(Adriana Zehbrauskas The New York Times)
(Adriana Zehbrauskas The New York Times)

Sem Olimpíada, corredor reencontra seu amor pela corrida

Desde que se formou na universidade, Kyle Merber perseguia um único objetivo: classificar-se para a prova dos 1,5 mil metros nas Olimpíadas

Scott Cacciola, The New York Times - Life/Style

28 de julho de 2020 | 05h00

Numa manhã nublada do final de março, alguns dias depois que o Comitê Olímpico Internacional anunciou que iria adiar os Jogos de Tóquio de 2020 por causa da pandemia de coronavírus, Kyle Merber fez a curta viagem de carro de sua casa em Hastings-on-Hudson, Nova York, até a ferrovia Dutchess, uma de suas rotas de corrida favoritas. Mas, desde o início, Merber sabia que essa corrida seria diferente.

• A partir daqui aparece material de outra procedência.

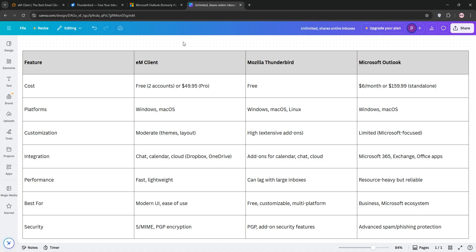Performance-wise, EM Client is fast and intuitive, Thunderbird can lag with large inboxes, and Outlook is robust but resource-heavy.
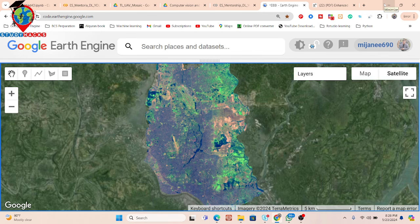Hello everyone, welcome to the Study Hacks Institute of GIS and Remote Sensing. Today I talk about a new video on remote sensing. Basically today I will try to discuss how we can easily find out the barren land in the urban area.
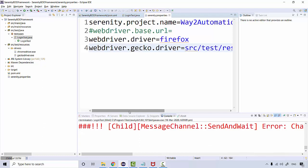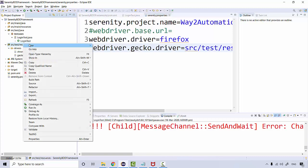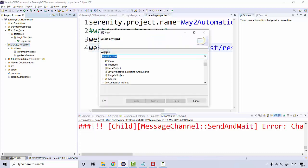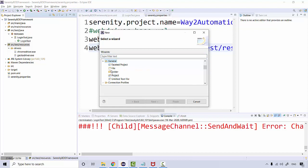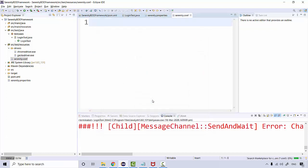Now there's another configuration file in the Serenity framework where you can define these properties as well. In your resources, right-click, go to New, then Others, General, and create a new file. Name it as serenity.conf. This is one configuration file.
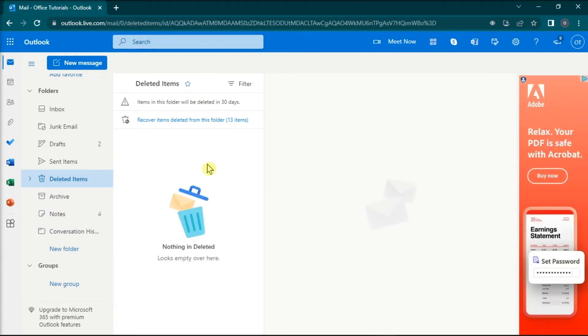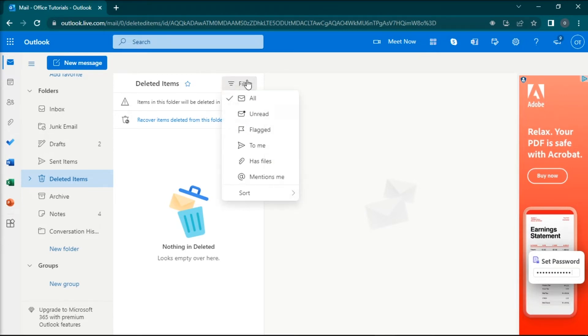You can also utilize this filter option, so it will be a lot easier to find the erased notes. You can filter your erased note contents by unread, to me, flagged, mentions, and attachments.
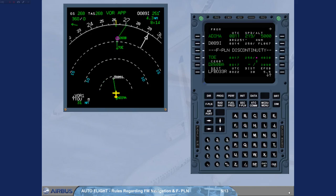Rule 3: Keep a flight plan discontinuity only when desired, for example when a radar vectoring is expected.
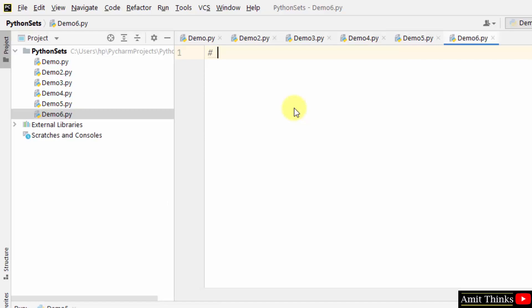Now we will see how we can add an item to a Python set. I told you it is unchangeable, but you can still add an item.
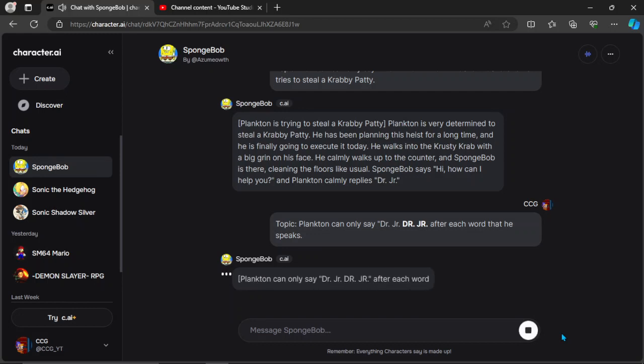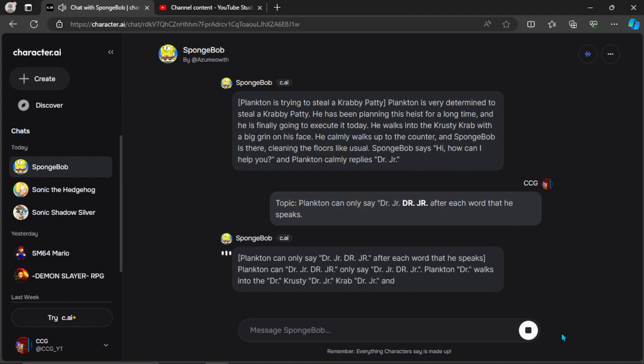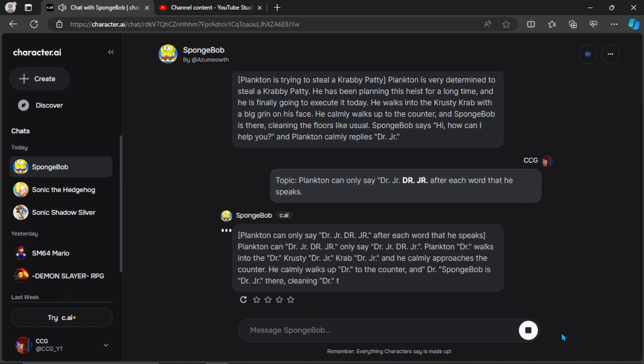Plankton can only say Dr. Junior, D-R-J-R. After each word that he speaks, Plankton can Dr. Junior, D-R-J-R-A, Dr. Junior, D-R-J-R.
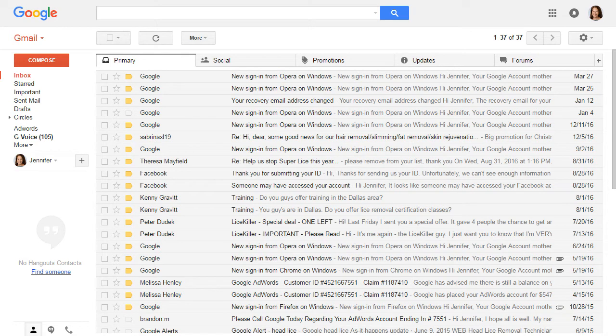Hi, this is Peter. I'm making a quick video to show you how to whitelist our email addresses in Gmail.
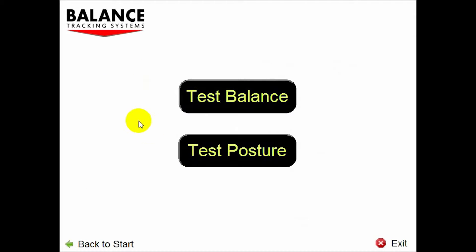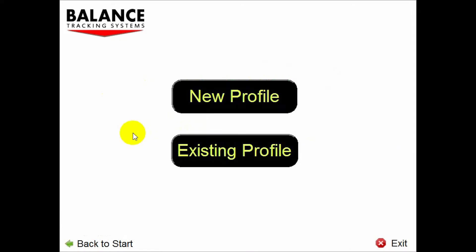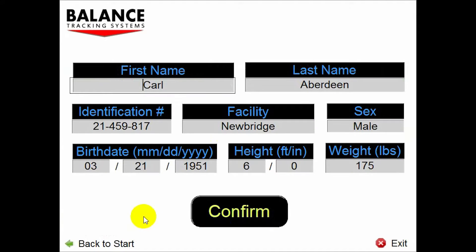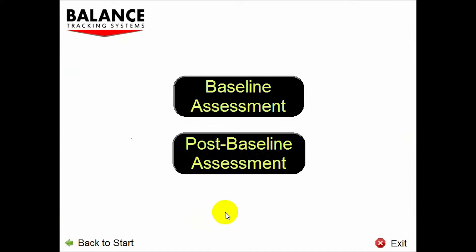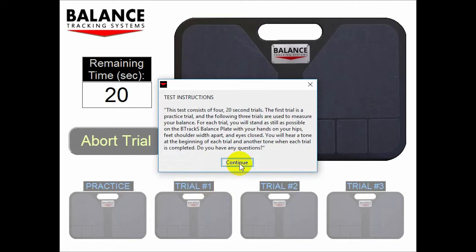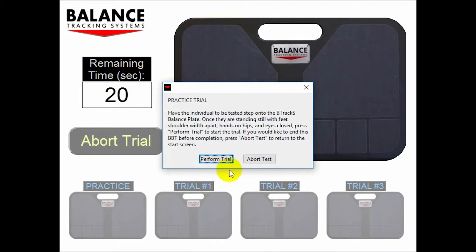First of all, choose Test Balance. Then choose Existing Profile. We choose Carl Aberdeen, then confirm the profile. Then choose Baseline or Post Baseline. We'll choose Post Baseline to show how the system tracks results over time.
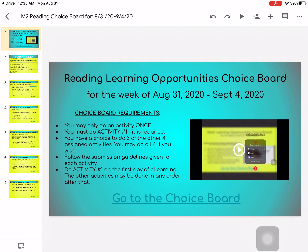Hello. This week we will be introducing our Reading Learning Opportunities Choice Board. A choice board is a way for you to have the opportunity to choose some activities on your own to figure out how and at what pace you want to complete the activities. This video provides you a quick overview of how to do that.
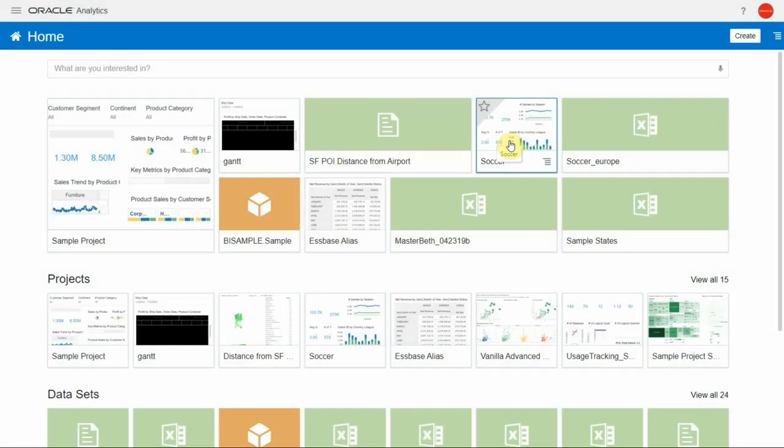In this video, let's have a look at some of the recommendation improvements and canvas experience enhancements with the latest release of Oracle Analytics Cloud.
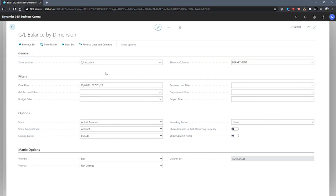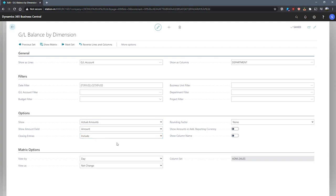Our Filters tab allows us to enter things like our date filter, our account filters, etc. The Options tab can be used to specify what type of data we want to show and how to display it. For example, the type of amounts in the Show field, whether we include closing entries, apply rounding factors, etc.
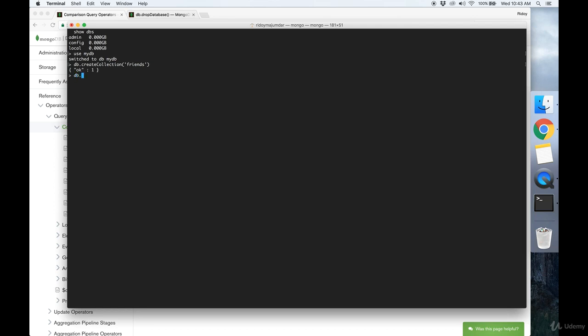And now that we have our friends collection, let's insert some documents into it. To do that, use db.friends.insert, and in here you put in a JSON object. So let's make a name property where the value is John and an age property where the value is the number 23.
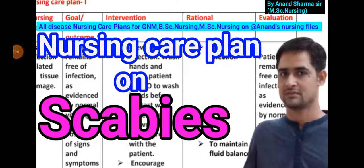Hello friends! Welcome to our YouTube channel. Today we will learn an important nursing care plan. This is a very important nursing process that includes nursing assessment, expected outcomes, intervention, rationale, and evaluation. Now let's see the nursing care plan on scabies.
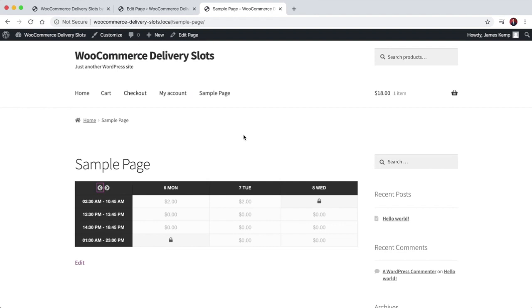That's it. I hope that gives you a quick overview of how you can add delivery slots to your WooCommerce store quite easily, and also gives an idea of the flexibility you can achieve with this plugin. There's a link in the description below for where to get the plugin — let me know if you've got any questions.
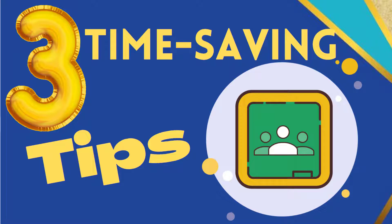Hello teacher friends! We all need more hours in the day, so I am here to show you three time-saving tips that you can use in Google Classroom.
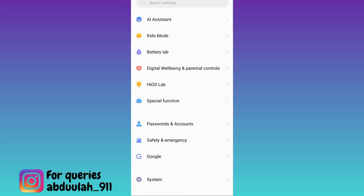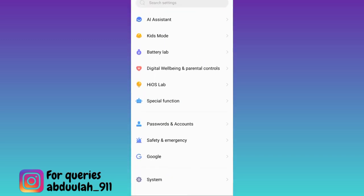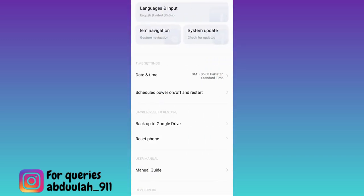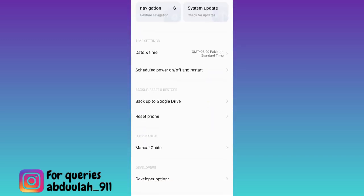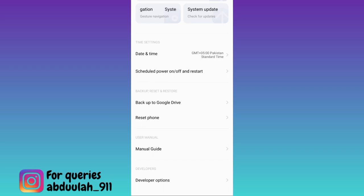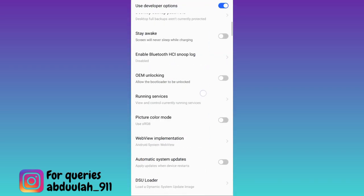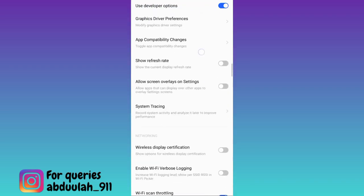Scroll down and click on the system option, then again scroll down and tap on developers option. Scroll down one more time.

Desde que se formou na Universidade de Columbia, em 2012, Merber perseguia um único objetivo: classificar-se para a prova dos 1,5 mil metros nas Olimpíadas. Agora, calçando o tênis, ele se perguntava se teria resistência psicológica e recursos financeiros para continuar treinando em período integral por mais um ano – talvez, pensou ele, fosse hora de se aposentar. Seu plano era percorrer 32 quilômetros, o que constituiria o treino mais longo de todos os tempos.

Ele sabia que era estranho aumentar a carga de trabalho quando não tinha motivos reais para aumentá-la. “Acho que faz parte de um processo de terapia”, disse ele. “É o que os corredores de longas distâncias fazem: nós corremos”. Merber, de 29 anos, estava acompanhado por sua esposa, Patricia Barry, que pedalava sua bicicleta debaixo de uma garoa fria enquanto filmava o marido para um vídeo que sua equipe mais tarde postaria no YouTube. Depois que venceu o primeiro quilômetro, ele acelerou o ritmo e começou a refletir. “Para a saúde do mundo, obviamente é a medida necessária”, disse ele sobre o adiamento da Olimpíada.

“Mas nem por isso dói menos”. Ainda assim, ele foi ficando mais animado com o passar da manhã. A corrida, que depois ele descreveria como uma das melhores de sua vida, fez com que ele batesse os 160 quilômetros naquela semana – um número arbitrário, mas pelo menos uma conquista diante de todo o resto que vinha dando errado. Nos três meses seguintes, os pensamentos de Merber sobre sua carreira de corredor continuaram a evoluir de maneiras que ele jamais teria previsto.

Durante muito tempo, Merber vinculara sua identidade às Olimpíadas e aos 1.500 metros: os Jogos Olímpicos eram seu sonho e os 1.500 metros, sua corrida. Mas, depois do adiamento, Merber aprendeu a abandonar essas duas obsessões entrelaçadas. Ele agora quer se concentrar nos 5 mil ou 10 mil metros – distâncias mais adequadas aos seus pontos fortes – e ver aonde essa estrada pode levar. E, mesmo que ainda queira dar uma chance às Olimpíadas, remarcadas para o próximo verão, seu objetivo de competir em Tóquio já não o consome por inteiro.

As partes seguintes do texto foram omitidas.